And with that, Rocco, please open the lines for Q&A.
Operator
(Operator Instructions) Our first question today comes from Andrew Weisel of Scotia Howard Weil.
Andrew Marc Weisel - Analyst
My first question is you talk about the future long-term annual growth of 6% to 8%, obviously nothing new there.
But is that meant to be apples to apples with the 10-year CapEx plan?
In other words, does that mean to go through 2028?
Patricia Kessler Poppe - President, CEO & Director
We don't give 10-year guidance.
We do that on an annual basis and give you a good window looking forward in the nearer term.
But the 10-year capital plan certainly supports directionally a 6% to 8%, and so that's really part of what we're trying to share today that we've got not just kind of a holding number but an actual plan for capital investments across the system that should lead to our continued performance.
Andrew Marc Weisel - Analyst
Okay.
Got it.
Next question is in the list of potential sources of upside on Page 5, you don't include renewables there.
Is that more a function of demand forecast and not seeing a need?
Or is it related to customer bills and affordability?

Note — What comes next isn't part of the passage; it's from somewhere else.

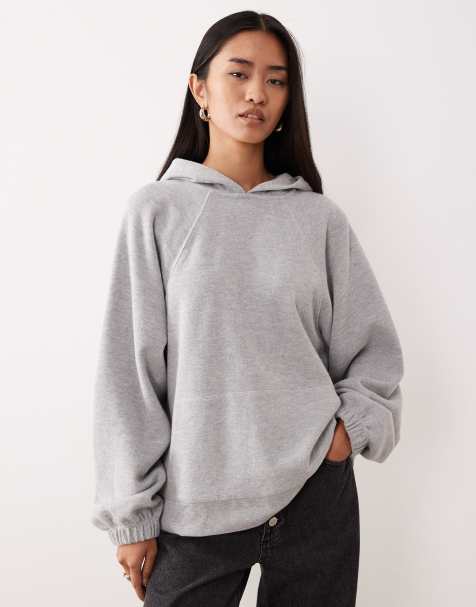ASOS DESIGN – Bardzo miękka bluza oversize z kapturem i raglanowymi rękawami w szarym melanżowym kolorze - view 1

Or is there some other factors there?
Patricia Kessler Poppe - President, CEO & Director
Well, it's in the base plan.
So we know based on our IRP what our 20-year renewable strategy is.
We know that we'll own half and purchase half of the new solar 6,000 megawatts total in the 20 years, 5,000 in the 10 years.
So that's built into the base plan.
Rejji P. Hayes - Executive VP & CFO
And Andrew, it's also worth reminding that as we've said in our IRP filing, it's going to be about 68 gigawatts per our estimate of solar over the next sort of decade plus, and we'll own half of that.
And so that $4 billion you're seeing attributable to renewables over the 10-year period is a combination of the wind investments we're making for the RPS as well as the assumption of owning about half of that solar investment opportunity over the next several years.
Andrew Marc Weisel - Analyst
Makes sense.
And one last one, this is going to be a little bit of a curveball question.
I noticed you posted a slide deck called retail outreach a few weeks ago.
Can you please talk about what drove that and maybe what you're trying to accomplish?
And then round numbers, what percent of your stock is currently held by retail investors?
Rejji P. Hayes - Executive VP & CFO
Yes.
So that was part of an effort that we did with one of your competitors, Andrew, in the interest of full disclosure.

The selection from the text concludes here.